Exercise details => From the first line to the last, write out the records exactly, leaving the pictures behind.

Saved data entries =>
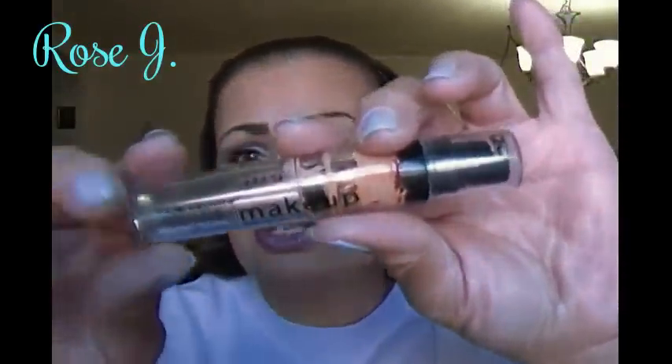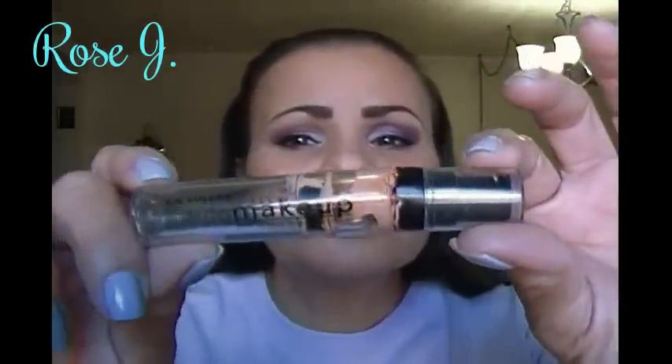Hello and welcome back. I have a little review for you guys today and it's on the LA Colors liquid foundation — the one that looks like this. You find these in just about every beauty supply store for a dollar. Big deal. I think Dollar Tree, don't quote me.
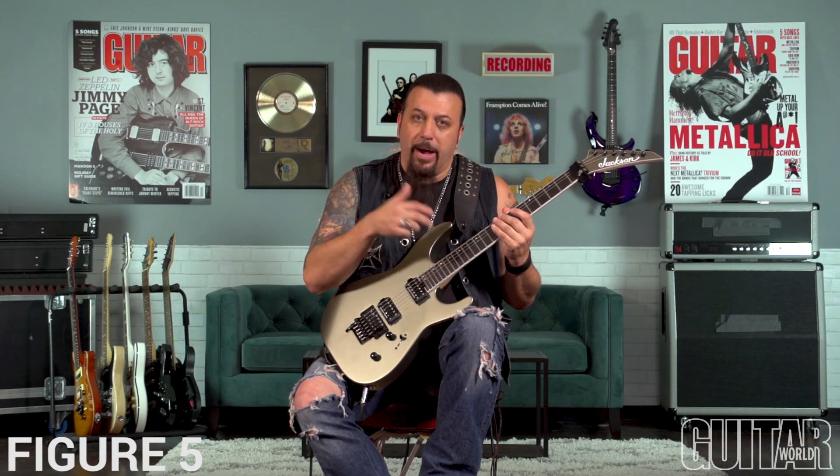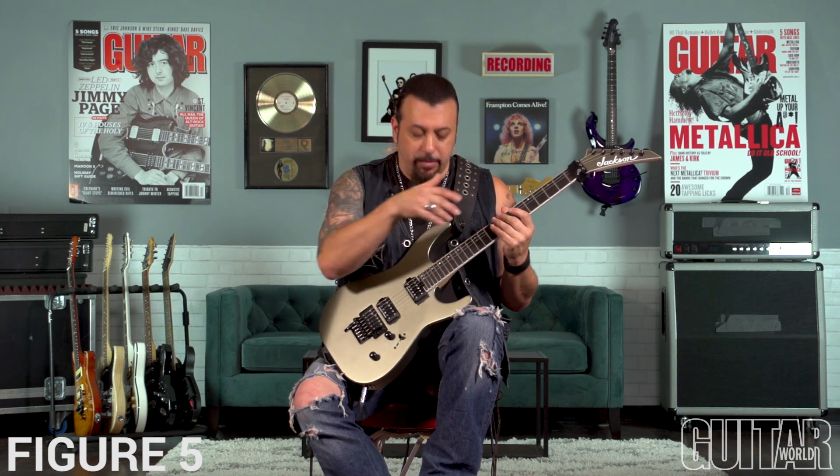I'll break the lick down slow and show you the pattern of the moving high notes on the E string. Again: A, G sharp, A, B, and so forth.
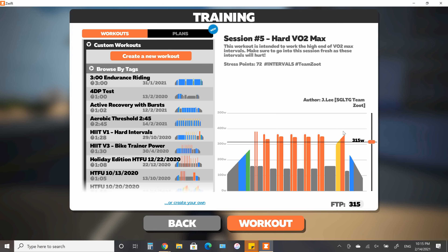It's pretty simple today, but there's a sneaky part towards the latter end where you're essentially going to be starting pretty close to FTP or at sweet spot, and then we're going to work our way and build up to VO2 maximum.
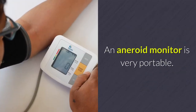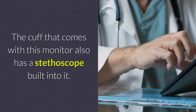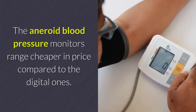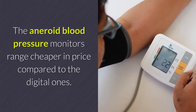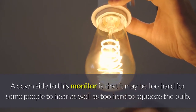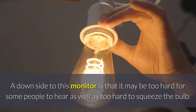An aneroid monitor is very portable. The cuff that comes with this monitor also has a stethoscope built into it. Aneroid blood pressure monitors range cheaper in price compared to the digital ones. A downside to this monitor is that it may be too hard for some people to hear, as well as too hard to squeeze the bulb.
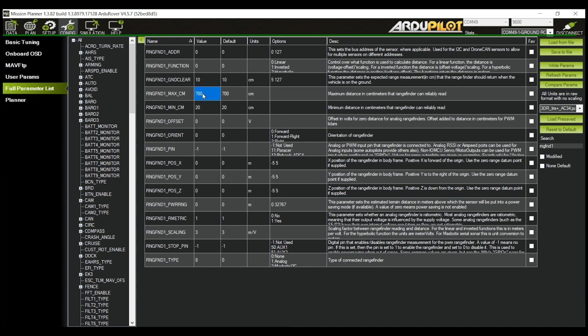RNG_MAX_CM defines the maximum distance in centimeters that the rangefinder can reliably read. For the LightWare SF000B, this should be set to 5,000, indicating 50 meters. For the SF20C and LW20C, this should be 10,000 for a maximum of 100 meters. From there, navigate to the RNG_MIN_CM parameter and input 5. RNG_FND1_GND_CLR is the distance between your LiDAR sensor and the ground in centimeters when the vehicle is on the ground. Measure this for your application and input the value in centimeters — we will select 10 centimeters in our example. RNG_FND_SCALING should be set to 1. And that's it, you're all set.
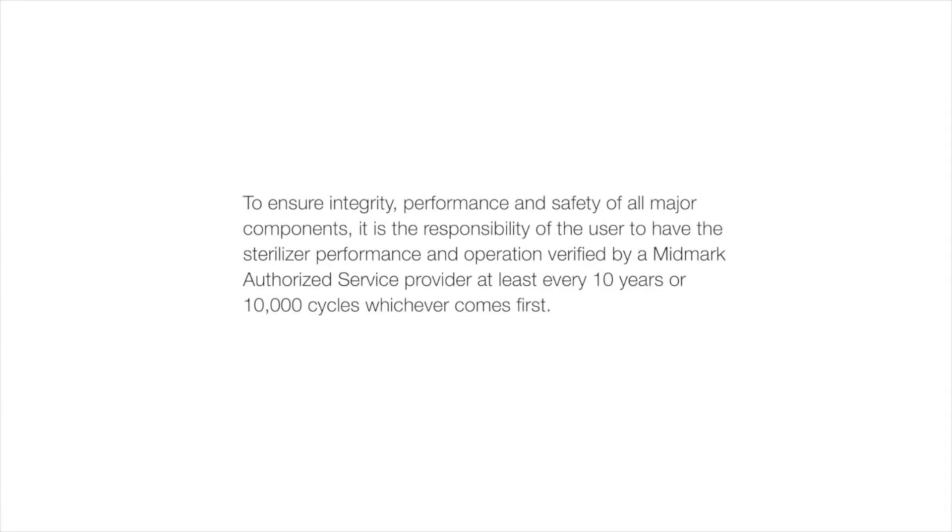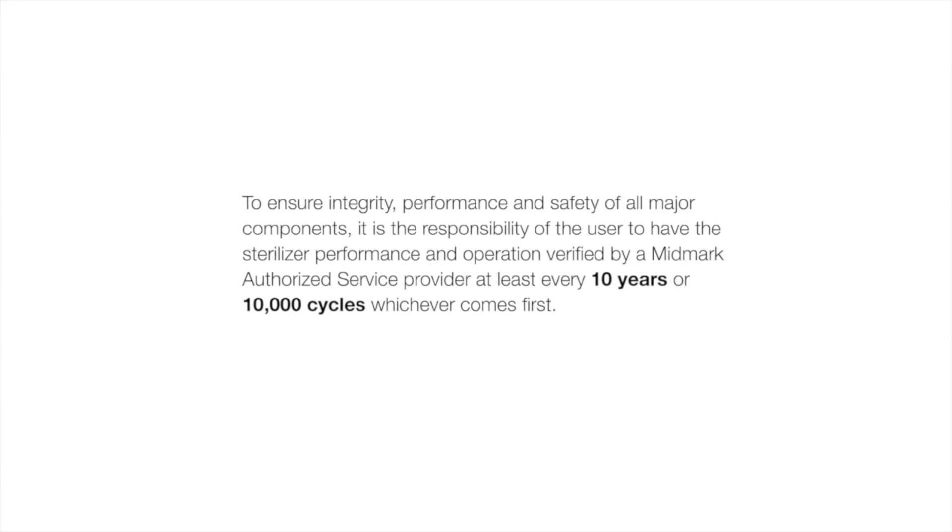To ensure integrity, performance, and safety of all major components, it is the responsibility of the user to have the sterilizer performance and operation verified by a Midmark authorized service provider at least every 10 years or 10,000 cycles, whichever comes first.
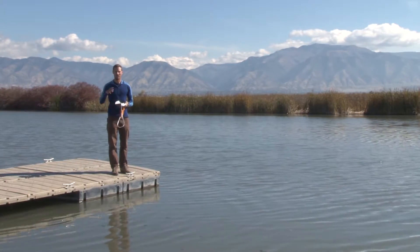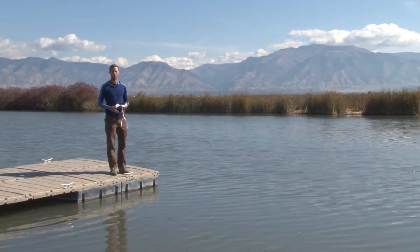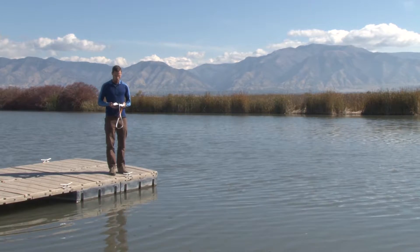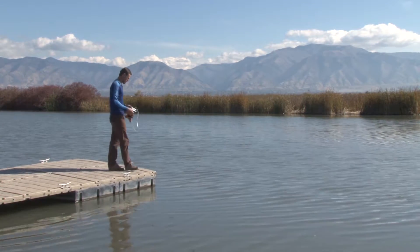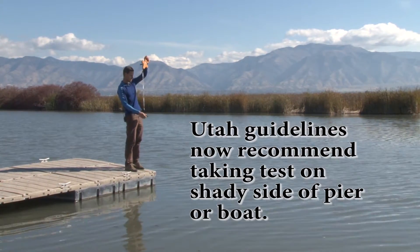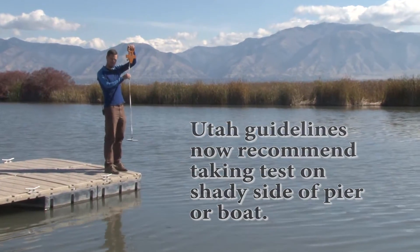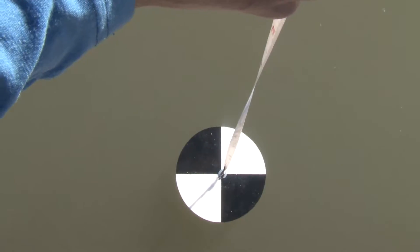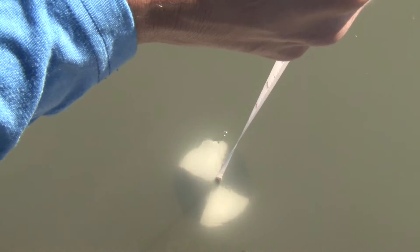It's important to remember not to be wearing polarized glasses because those help you see further down into the water. How you do this test is you come out to your monitoring location, take the disk which is attached to a measuring tape either in meters or in feet, and slowly lower it down in the water until you can't see any of the white and black markings.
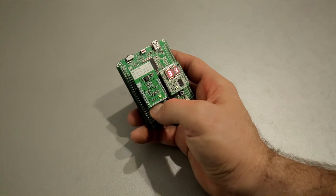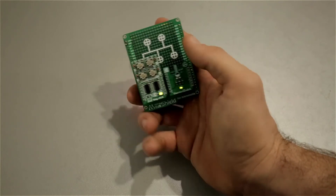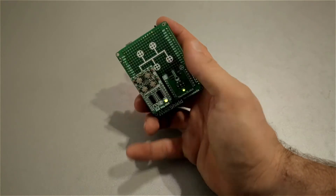Hi guys, today I have a 4Click project for you, but I'll be focusing on EEPROM 4Click, which is the latest addition to our shop. In this project, I used EEPROM 4Click for logging different temperatures in the office. And by pressing these buttons here, I can recall the temperature reading and show it on the LED display.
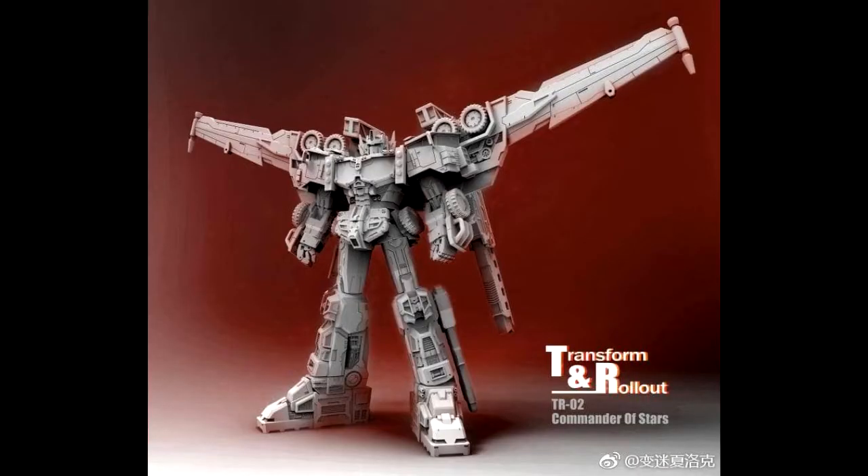It looks like we've got something new from Transform and Roll Out. We've got new images of their TR-02C edition Prime, which is their Cybertron or Galaxy Force Prime — it's called 'Commander of Stars.' It ships in the third quarter of this year, stands at 24 centimeters, 28 centimeters with the add-on wings. Car mode length is about 36 centimeters, 10 centimeters wide, and 7 centimeters tall.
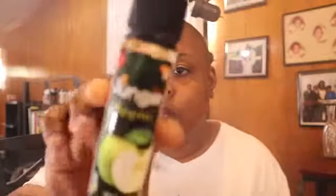Shout out to A&B for making this review possible. We'll get into another one from the Vape Jungle line. And this one is an apple — a green apple. Let's go from one to five. It gets a five.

Task output =>
Hello and welcome back. I have a little review for you guys today and it's on the LA Colors liquid foundation — the one that looks like this. You find these in just about every beauty supply store for a dollar. Big deal. I think Dollar Tree, don't quote me.
I'll break the lick down slow and show you the pattern of the moving high notes on the E string. Again: A, G sharp, A, B, and so forth.
It's pretty simple today, but there's a sneaky part towards the latter end where you're essentially going to be starting pretty close to FTP or at sweet spot, and then we're going to work our way and build up to VO2 maximum.
An aneroid monitor is very portable. The cuff that comes with this monitor also has a stethoscope built into it. Aneroid blood pressure monitors range cheaper in price compared to the digital ones. A downside to this monitor is that it may be too hard for some people to hear, as well as too hard to squeeze the bulb.
RNG_MAX_CM defines the maximum distance in centimeters that the rangefinder can reliably read. For the LightWare SF000B, this should be set to 5,000, indicating 50 meters. For the SF20C and LW20C, this should be 10,000 for a maximum of 100 meters. From there, navigate to the RNG_MIN_CM parameter and input 5. RNG_FND1_GND_CLR is the distance between your LiDAR sensor and the ground in centimeters when the vehicle is on the ground. Measure this for your application and input the value in centimeters — we will select 10 centimeters in our example. RNG_FND_SCALING should be set to 1. And that's it, you're all set.
To ensure integrity, performance, and safety of all major components, it is the responsibility of the user to have the sterilizer performance and operation verified by a Midmark authorized service provider at least every 10 years or 10,000 cycles, whichever comes first.
It's important to remember not to be wearing polarized glasses because those help you see further down into the water. How you do this test is you come out to your monitoring location, take the disk which is attached to a measuring tape either in meters or in feet, and slowly lower it down in the water until you can't see any of the white and black markings.
Hi guys, today I have a 4Click project for you, but I'll be focusing on EEPROM 4Click, which is the latest addition to our shop. In this project, I used EEPROM 4Click for logging different temperatures in the office. And by pressing these buttons here, I can recall the temperature reading and show it on the LED display.
It looks like we've got something new from Transform and Roll Out. We've got new images of their TR-02C edition Prime, which is their Cybertron or Galaxy Force Prime — it's called 'Commander of Stars.' It ships in the third quarter of this year, stands at 24 centimeters, 28 centimeters with the add-on wings. Car mode length is about 36 centimeters, 10 centimeters wide, and 7 centimeters tall.
Shout out to A&B for making this review possible. We'll get into another one from the Vape Jungle line. And this one is an apple — a green apple. Let's go from one to five. It gets a five.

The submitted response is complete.